Turned out that the application was writing a bunch of tempfiles into the cwd and then immediately deleting them. Nothing ever touched that directory while the negative dentries accumulated for weeks or months. When someone finally deployed, the first rmdir that came along bore the cost of deleting all those negative dentries. It hung for seconds or minutes while the kernel essentially cleared out the entire dcache, deleting linked list elements one by one. It showed up in perf as being stuck inside shrink_dcache_parent.
This is actually easy to reproduce:
$ mkdir /tmp/foo
$ touch /tmp/nodelete
# create and delete 100k files
$ for i in $(seq 1 10); do bash -c 'for i in $(seq 1 10000); do rm $(mktemp /tmp/foo/XXXXXX); done' &; done; wait
...
$ time rmdir /tmp/foo
rmdir: failed to remove '/tmp/foo': Directory not empty
rmdir /tmp/foo 0.00s user 0.02s system 91% cpu 0.024 total
$ time rmdir /tmp/foo
rmdir: failed to remove '/tmp/foo': Directory not empty
rmdir /tmp/foo 0.00s user 0.00s system 81% cpu 0.003 total
Both rmdirs fail, but the first one takes 24ms. If you create and delete more files, it takes longer and longer.

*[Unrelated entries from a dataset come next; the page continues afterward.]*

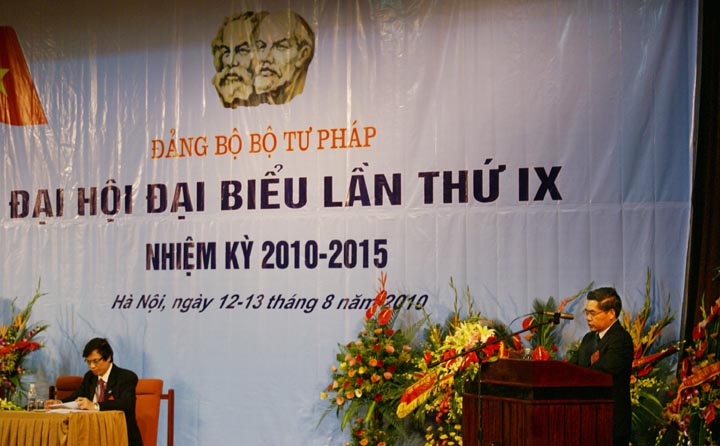 Thứ trưởng Đinh Trung Tụng chủ trì Đại hội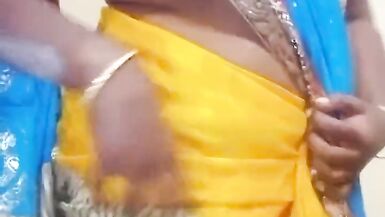 saree show and sexy talk tamil - 3 image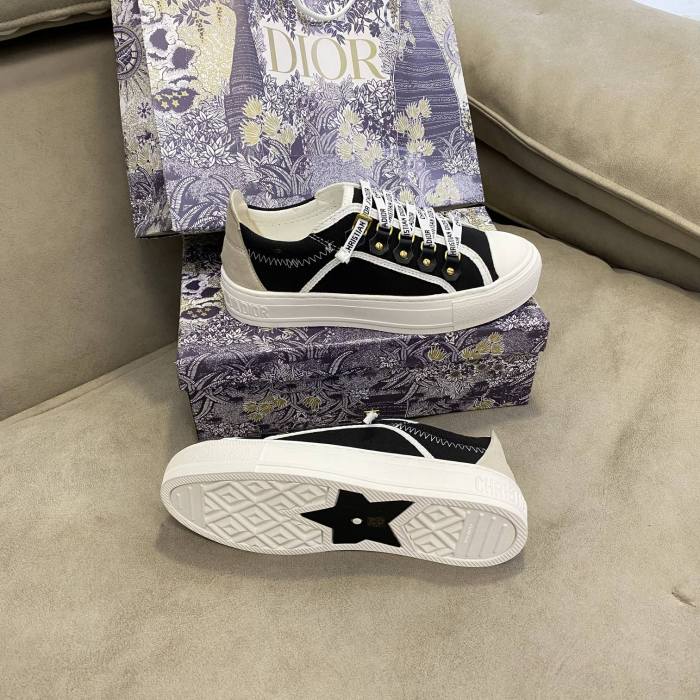 women flat sneakers shoes, size 35-40 with box , SS70-1287-1288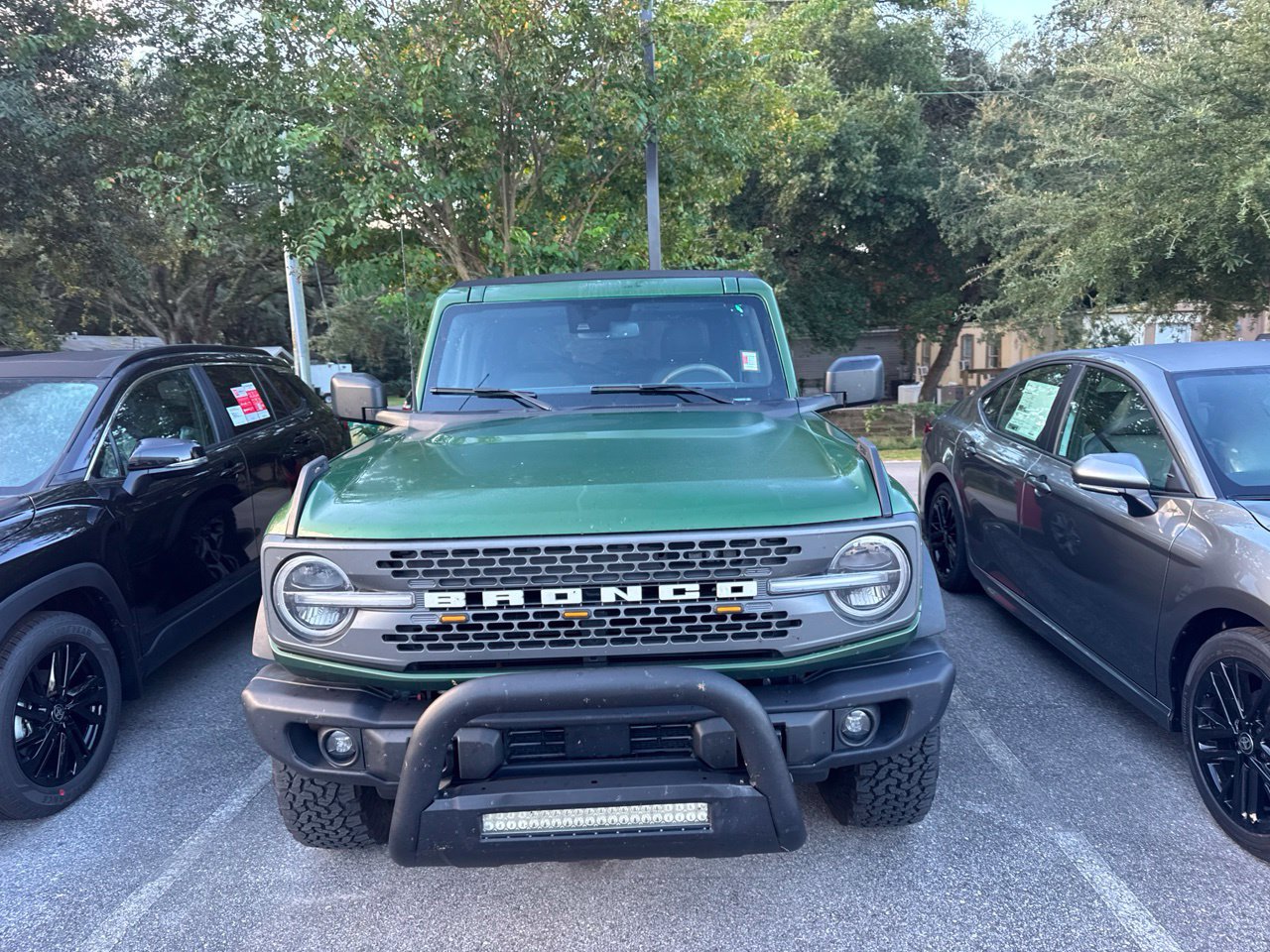 Used 2023 Ford Bronco Badlands AWD/4WD image 2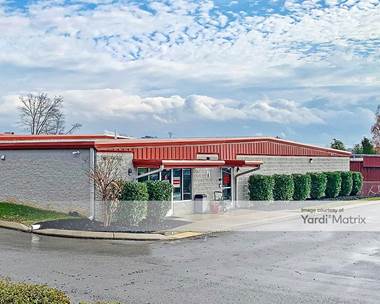 Storage Units for Rent available at 807 North Cumberland, Lebanon, TN 37087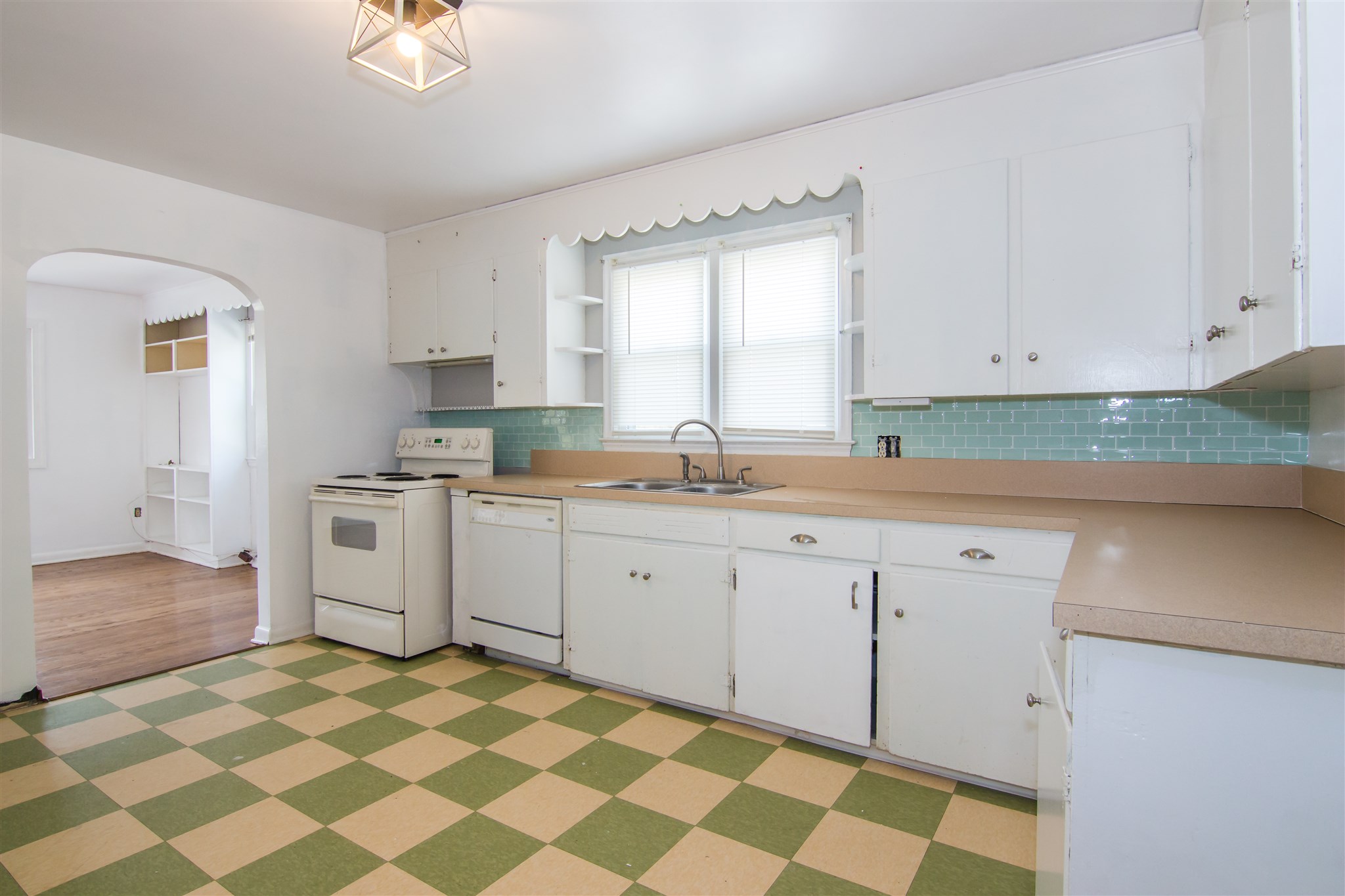 9648 Daphna Road Broadway, VA 22815 - Photo 8 of 32 Gallery Image 8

At some point we probably would've noticed the memory leak as well (I found an 18 GB slab on one host while this was happening) but the machines in question have huge amounts of ram.
I worked around the issue by making the application reuse tempfile names.
My conclusion at the time was that it was not, strictly speaking, a bug. It seemed to be a sharp edge that was WAI.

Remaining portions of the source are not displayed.